Investors who buy mining stocks often do so as a leveraged bet on silver prices. It is little wonder then that central banks were a key driver of silver miner ETFs' strong performance in the third quarter. Though current market conditions may have obscured the memory a bit, at the beginning of the last quarter silver was in the red and investors were on the sidelines. In August, there was a notable shift in sentiment and investors returned to play.
Anticipation that the European Central Bank and the Federal Reserve would intervene in the markets and the generous programs that confirmed these expectations not only turned the tide among physical investors, but also among silver miner ETF investors. The rewards were more attractive for the latter. According to ETF Trends, SIL was a top performer among all types of ETFs in September.

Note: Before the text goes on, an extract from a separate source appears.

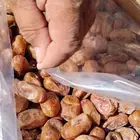 تمر اخلاص شقراء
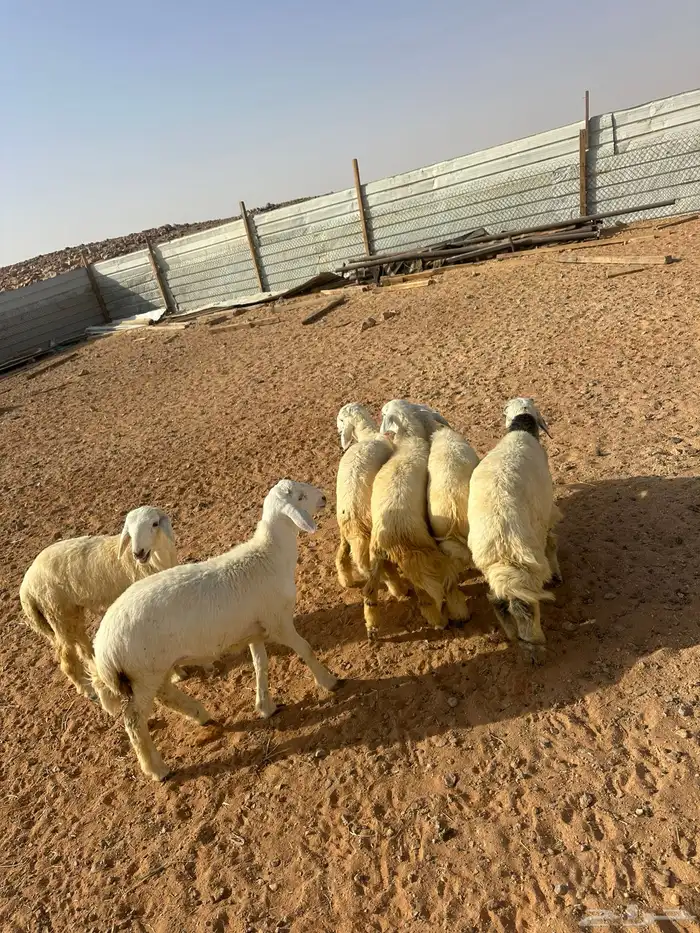 هرافى حري العدد 6(. 5خرفان  . 1رخل) 4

SIL is a much larger fund than SLVP, which has a market cap of only about $2.38 million. The larger ETF has been around since 2010, but SLVP was introduced to the market earlier this year. While investors are clearly showing a preference for SIL, eight of the top 10 holdings in both ETFs include the same companies, but represent different percentages.

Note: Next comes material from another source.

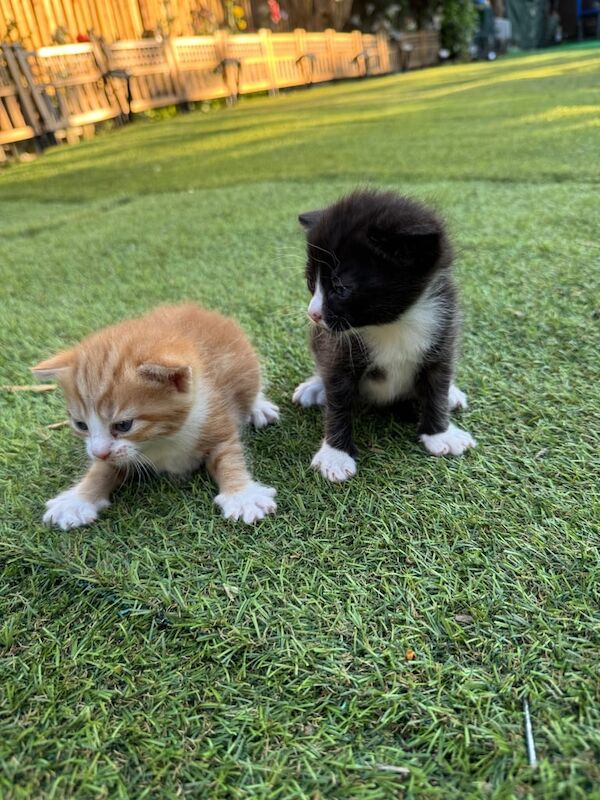 2 kittens Ginger & mixed grey & black for sale in Bromley, Greater London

Both funds also provide exposure to the full gamut of silver companies. That may initially be a turn off for some investors since junior miners have a reputation for extreme volatility that many find unappealing. Some market veterans even warn that the junior mining sector is unsuitable for most silver investors.But there are two things that increase the appeal of silver miner ETFs for those who want to invest in silver companies. First, advisers admit that when good selections are made, junior miners can offer highly attractive returns. Second, the way these funds weigh juniors compared to how they weigh larger companies significantly reduces risks while still providing diversity.